Top of EXTRACTED DATA

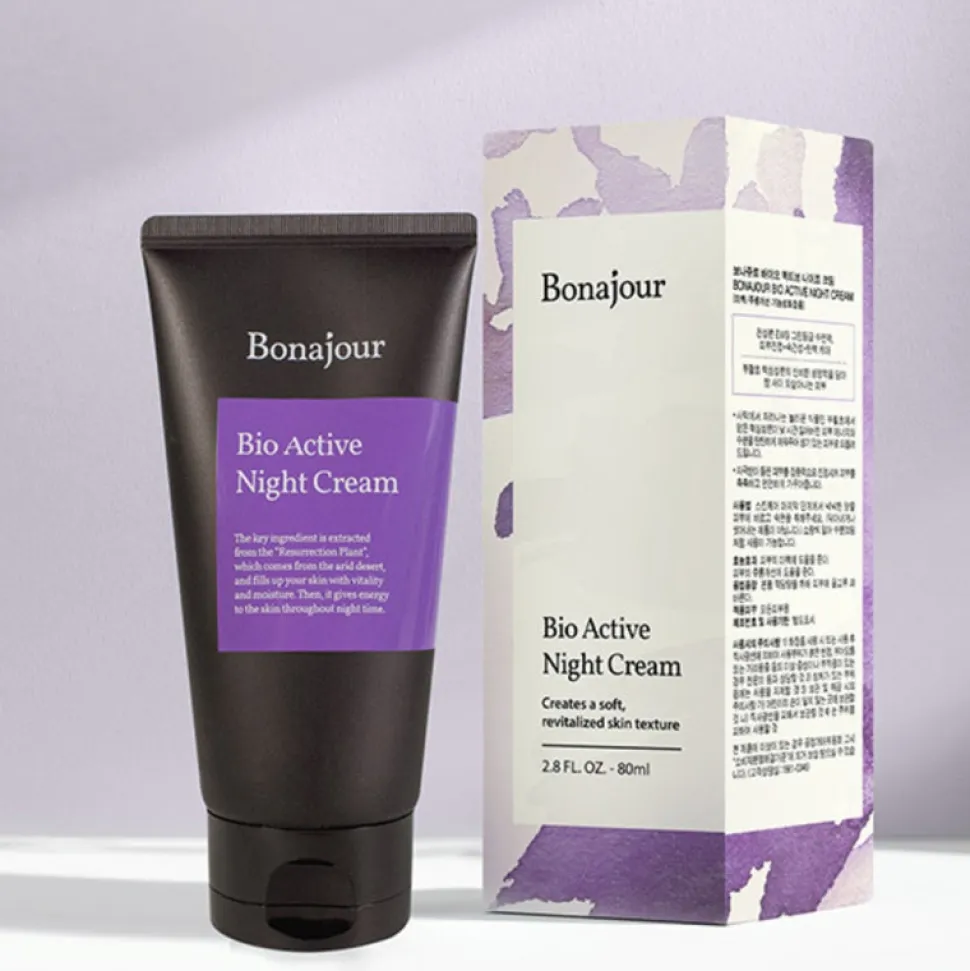 Bio Active Night Cream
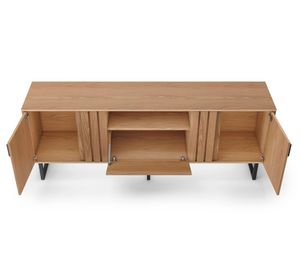 Rack TV 70" Jurua café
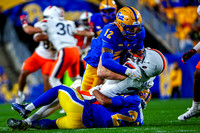 NCAA Football: Virginia Cavaliers at Pitt Panthers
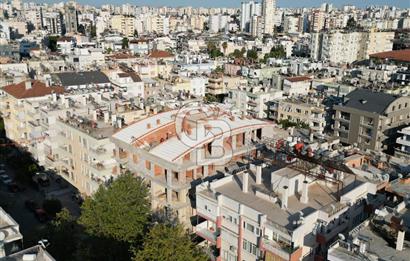SİNAN MAHALLESİ SATILIK 2+1 DAİRE – YÜKSEK STANDARTLARLA YAPIMI DEVAM EDİYOR!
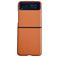 Mobigear Excellent Motorola Razr 40 Hårdt Bagsidecover - Orange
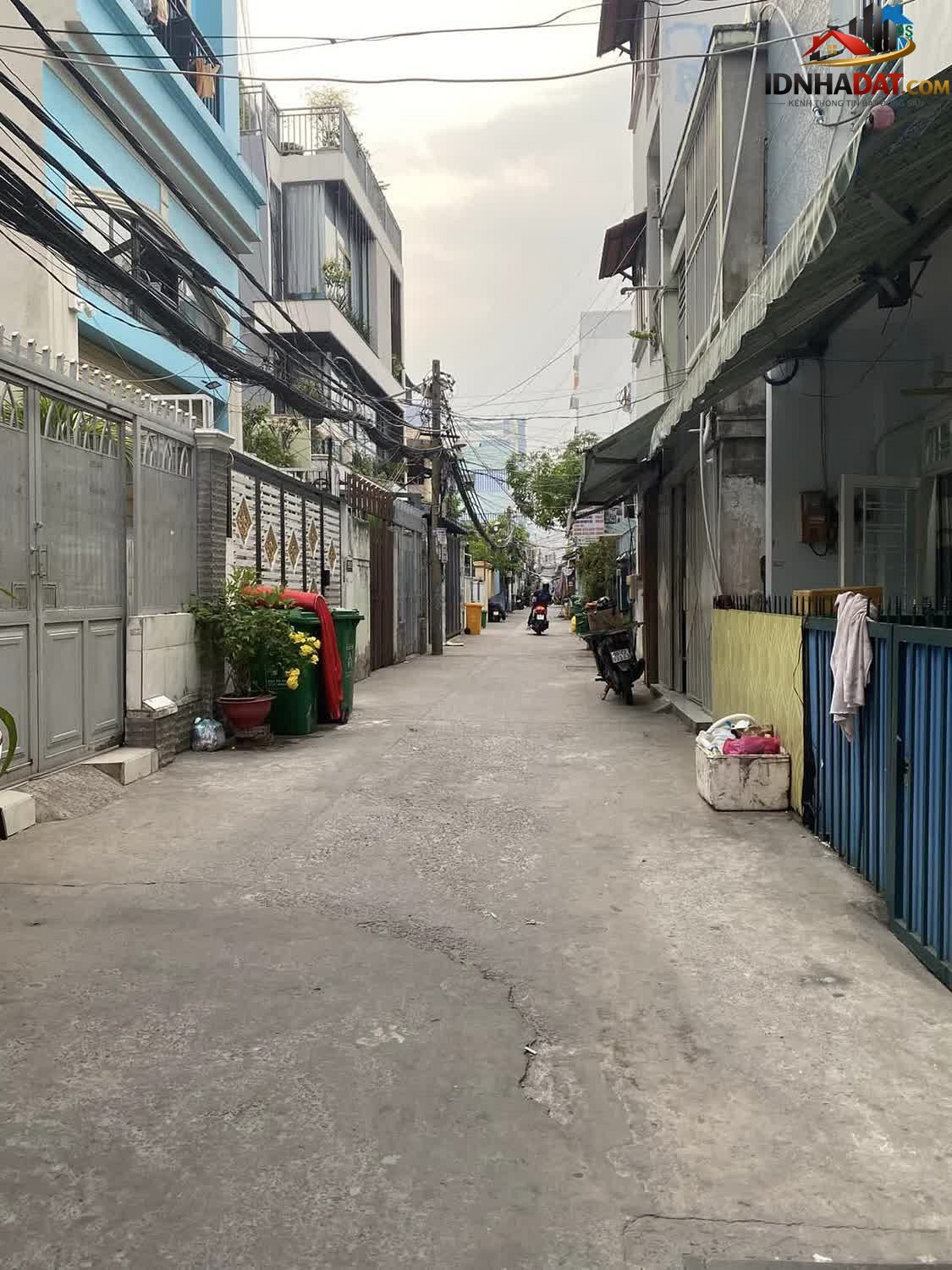 Bán nhà đất Đường Dương Bá Trạc – Phường cũ Không xác định Quận 8 – Thành phố Hồ Chí Minh 52 m² 5.5 tỷ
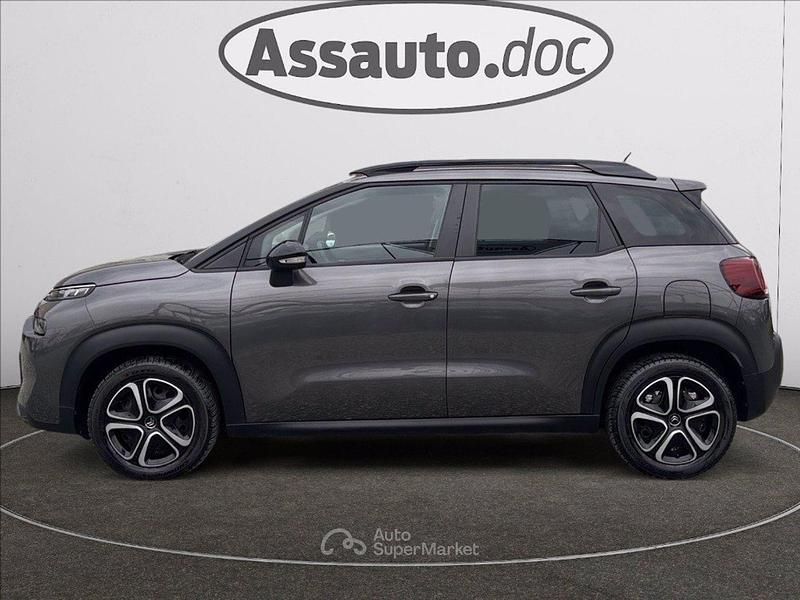 Usata Citroën C3 Aircross Feel 110 CV (80 kW) 2023 Grigio metallizzato SUV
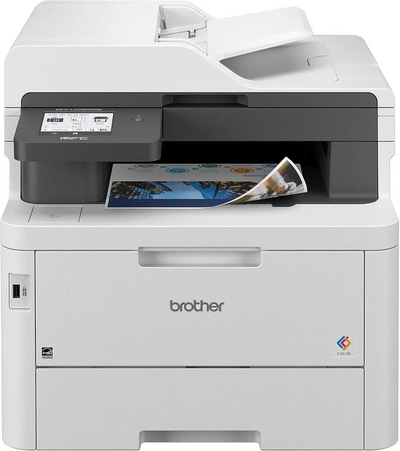 Brother New MFCL3780CDW: Adds Optional Paper Tray Image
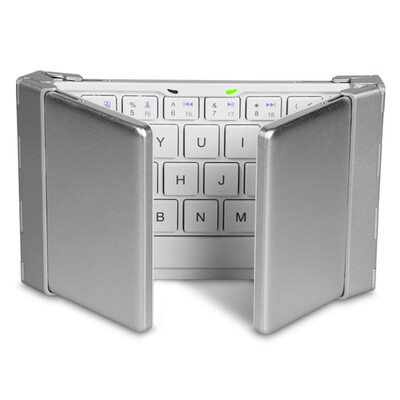 

Bow Portable tablet keyboard White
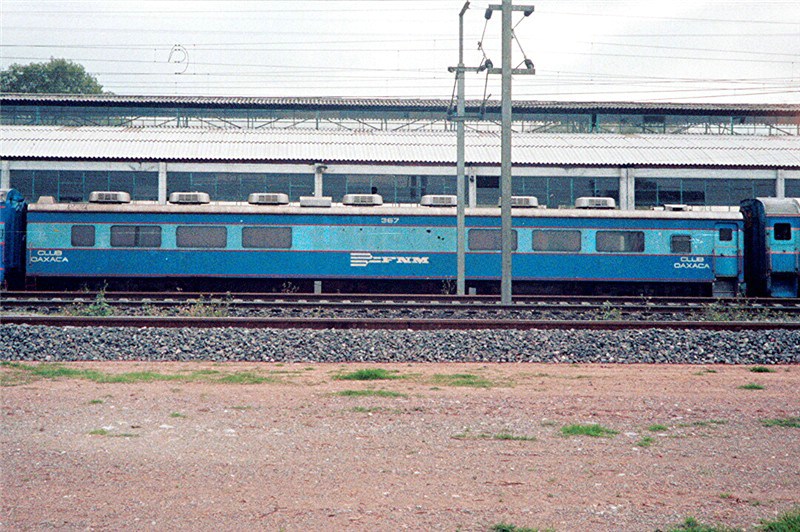 FNM 367 CLUB  OAXACA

Bottom of EXTRACTED DATA

* [DESCRIPTION OF THE TASK]
When an image appears in the data, skip it and output the rest exactly.

* [COMPLETED TASK]
 Bio Active Night Cream
 Rack TV 70" Jurua café
 NCAA Football: Virginia Cavaliers at Pitt Panthers
SİNAN MAHALLESİ SATILIK 2+1 DAİRE – YÜKSEK STANDARTLARLA YAPIMI DEVAM EDİYOR!
 Mobigear Excellent Motorola Razr 40 Hårdt Bagsidecover - Orange
 Bán nhà đất Đường Dương Bá Trạc – Phường cũ Không xác định Quận 8 – Thành phố Hồ Chí Minh 52 m² 5.5 tỷ
 Usata Citroën C3 Aircross Feel 110 CV (80 kW) 2023 Grigio metallizzato SUV
 Brother New MFCL3780CDW: Adds Optional Paper Tray Image

Bow Portable tablet keyboard White
 FNM 367 CLUB  OAXACA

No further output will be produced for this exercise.